- Born: 24 January 1932 Moscow, USSR
- Died: 13 September 2022 (aged 90) Moscow, Russian Federation
- Website: oleg-kudryashov.com

= Oleg Kudryashov =

Russian painter and printmaker

Oleg Alexandrovich Kudryashov (24 January 1932 – 13 September 2022) was one of the most important Russian painters and printmakers of the Post-War era. He almost exclusively worked on paper using drypoint and watercolor/gouache as his medium. He is best known for his three-dimensional works, called constructions or reliefs, made by cutting and folding printed works to create sculptural pieces. Most of his works are unique or in very small editions.

==Early life==
Born in Moscow, Kudryashov initially studied in an art studio for youths from 1942 to 1947 and at the Grabar Art School for Children from 1949 to 1951. After serving in the Russian military, he spent the next three years, 1956 to 1958, at the Moscow Animation Film Studios.

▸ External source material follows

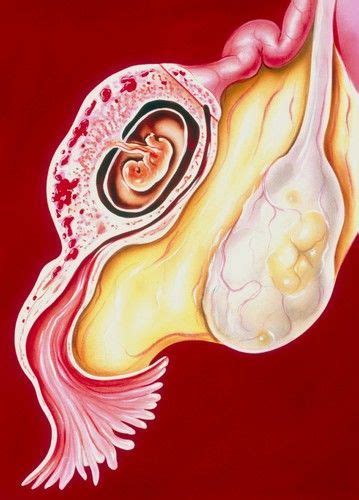 quotes about ectopic pregnancy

In 1961 Kudryashov joined the Moscow Organization of Artists Union. He was well known in avant-garde circles but rarely exhibited together with his fellow artists. In 1974 he emigrated to London, England. Before departing he burned his life’s work of some twenty years in an open airfield on the outskirts of the Russian capital. After spending almost 25 years in London, he returned to Moscow in 1997.

==Career==
Kudryashov’s work is difficult to categorize since it is at once both representational and abstract. He did not want to be pigeonholed and believes that ideology is the enemy of art because it limits the human imagination. Although his work was influenced by Russian constructivism and Suprematism, Lubok prints, and Russian Orthodox icons, Kudryashov did not share their utopian ideals.

Kudryashov created sculpture, videos, performance pieces, book illustrations, and an occasional collage but, was primarily a printmaker. His favorite technique was drypoint and engraving and his preferred material was the industrial zinc plate. Kudryashov did no preparatory studies prior to drawing directly on the plate using a large burin or engraving needle. For his larger prints he laid the sheet of zinc directly on the floor and works from all sides. For colored prints, paint is applied to the paper before being run through the press with the inked zinc plate.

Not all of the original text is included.